Query: It seems then, that for the one-way ANOVA, this suggestion should apply to each factor level (group) as well, since the data in each factor level need to be individually normally distributed (or the sample size "large enough") to meet the normality assumption of the one-way ANOVA. I'm wondering if anyone has any references that address this specifically.

I'm mostly curious because this post from Minitab (linked) says simulation studies have shown for:

  • 2-9 groups, $n \ge$ 15 for each group is sufficient
  • 10-12 groups, $n \ge$ 20 for each group is sufficient

The wording is somewhat vague, but the author implies these values are when the data are highly skewed (and this is when we would care anyway). No citation is given and I'm having quite the time finding other explicit discussions of the CLT in the framework of a one-way ANOVA.

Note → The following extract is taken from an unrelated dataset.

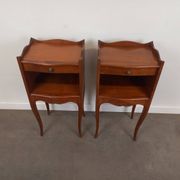 Paire de tables de chevet style Louis XV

I've found one source that suggests the 30 per group cut-off, but it's a text (preview given at link below) and I have no way to track down the reference they used for this statement: Biostatistics: The Bare Essentials (Norman & Streiner): "From the Central Limit Theorem (Chapter 4), the means will be normally distributed, regardless of the original distribution, especially when there are at least 30 or so observations per group."

Sources I've tried to no avail:

  • Design and Analysis of Experiments (8th Ed.), Montgomery: Doesn't discuss CLT for a one-way ANOVA
  • Design of Experiments: Statistical Principles of Research Design and Analysis (2nd Ed.), Kuehl: Doesn't discuss
  • Statistical Inference (2nd Ed.), Casella & Berger (pg. 524): "Of course, with reasonable sample sizes and populations that are not too asymmetric, we have the Central Limit Theorem (CLT) to rely on."
  • Extensive internet search that gives various suggestions, including sometimes for the ANOVA overall (overall sample size across all factor levels), which doesn't make sense to me (doesn't seem this would alleviate the issue in any one group): No references provided by any sources

Summary: I feel that to be "safe," if any given factor level in a one-way ANOVA is notably skewed, we should have at least a sample size of 30 in that factor level to ensure the CLT has taken effect. However, I would appreciate references that confirm this.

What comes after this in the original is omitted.